The internet has profoundly influenced various aspects of human life, creating a global business value chain that transcends borders and geographic locations. Studies have shown a positive correlation between internet access and the growth of a nation’s Gross Domestic Product (GDP), indicating that the internet has the potential to enhance business efficiency, market share growth, outreach expansion, and employment opportunities.
Businesses with a digital presence can generate substantial revenue from non-resident jurisdictions without a physical presence in those countries. Notable examples include Facebook and Google, which derive a significant portion of their revenue from outside their home countries.
In Nigeria, both local and foreign businesses actively participate in various social media platforms, fostering interactions between suppliers and consumers. However, tax administrators globally face challenges in taxing the significant wealth generated by digital economy businesses that lack a physical presence in different tax jurisdictions.
This article delves into the issues associated with taxing social media and online activities in Nigeria, examining the existing legislative framework for administering applicable taxes.

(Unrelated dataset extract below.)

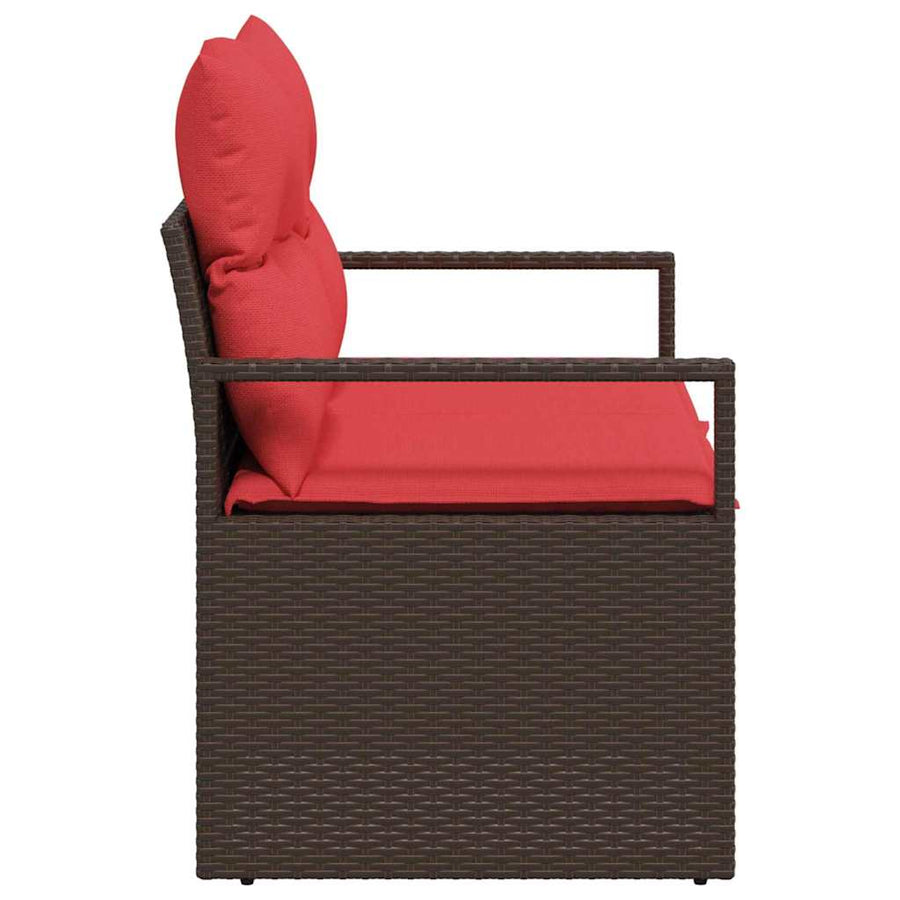 Tuinbank met kussen 120 x 62 x 69 cm poly rattan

The Nigerian Tax Framework for Online Businesses:
In recent years, the Nigerian government has intensified efforts to ensure that online businesses contribute their fair share of taxes in accordance with existing tax laws. Nigeria, with its large population, is positioned to benefit substantially from the global digital economy. However, the country’s tax-to-GDP ratio has remained relatively low at 6%, prompting the government to explore initiatives aimed at widening the tax net.
Before 2020, taxing non-resident companies in Nigeria was contingent on having a physical presence or a fixed base. The Finance Act of 2019 introduced the concept of Significant Economic Presence (SEP), considering a company’s economic activities to determine its taxable presence. The Minister of Finance, Budget, and National Planning subsequently issued the SEP Order to complement the provisions of the Companies Income Tax Act (CITA). The SEP concept considers various factors to determine whether a non-resident company is liable to income tax in Nigeria.

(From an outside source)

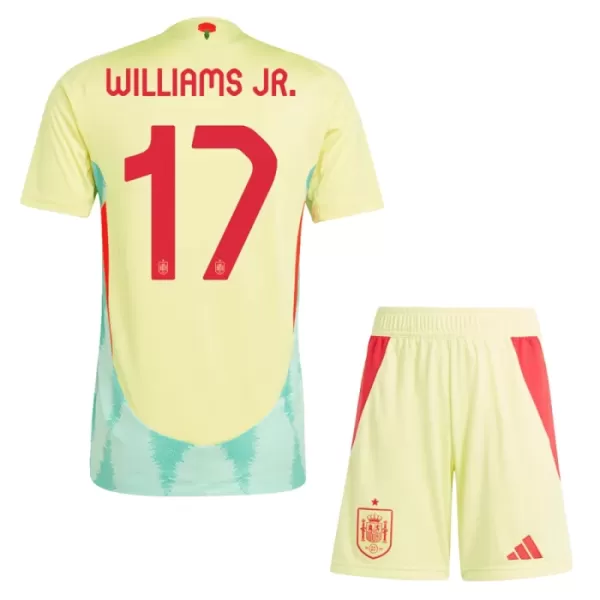 Camisolas Espanha Williams JR 17 Criança Equipamento Alternativo Euro 2024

According to the SEP Order, a foreign entity engaging in digital transactions with a Nigerian resident is deemed to have created a SEP in Nigeria if it derives a turnover or income exceeding ₦25 million from activities such as streaming or downloading digital content, transmitting data collected about users in Nigeria, providing intermediary services through a digital platform, using a Nigerian domain name (.ng), or registering a website address in Nigeria.
The introduction of the SEP concept aims to broaden the tax net, align with global best practices, and facilitate tax compliance for multinational companies participating in Nigeria’s digital economy. Section 55 of the Finance Act (2020) mandates companies meeting the SEP criteria to submit tax returns, audited financial statements, and other relevant documents.
In conclusion, Nigeria’s efforts to tax online businesses reflect a global trend as countries seek to adapt their tax frameworks to the evolving digital economy. The SEP concept represents a significant step toward addressing the taxation challenges posed by the digital economy.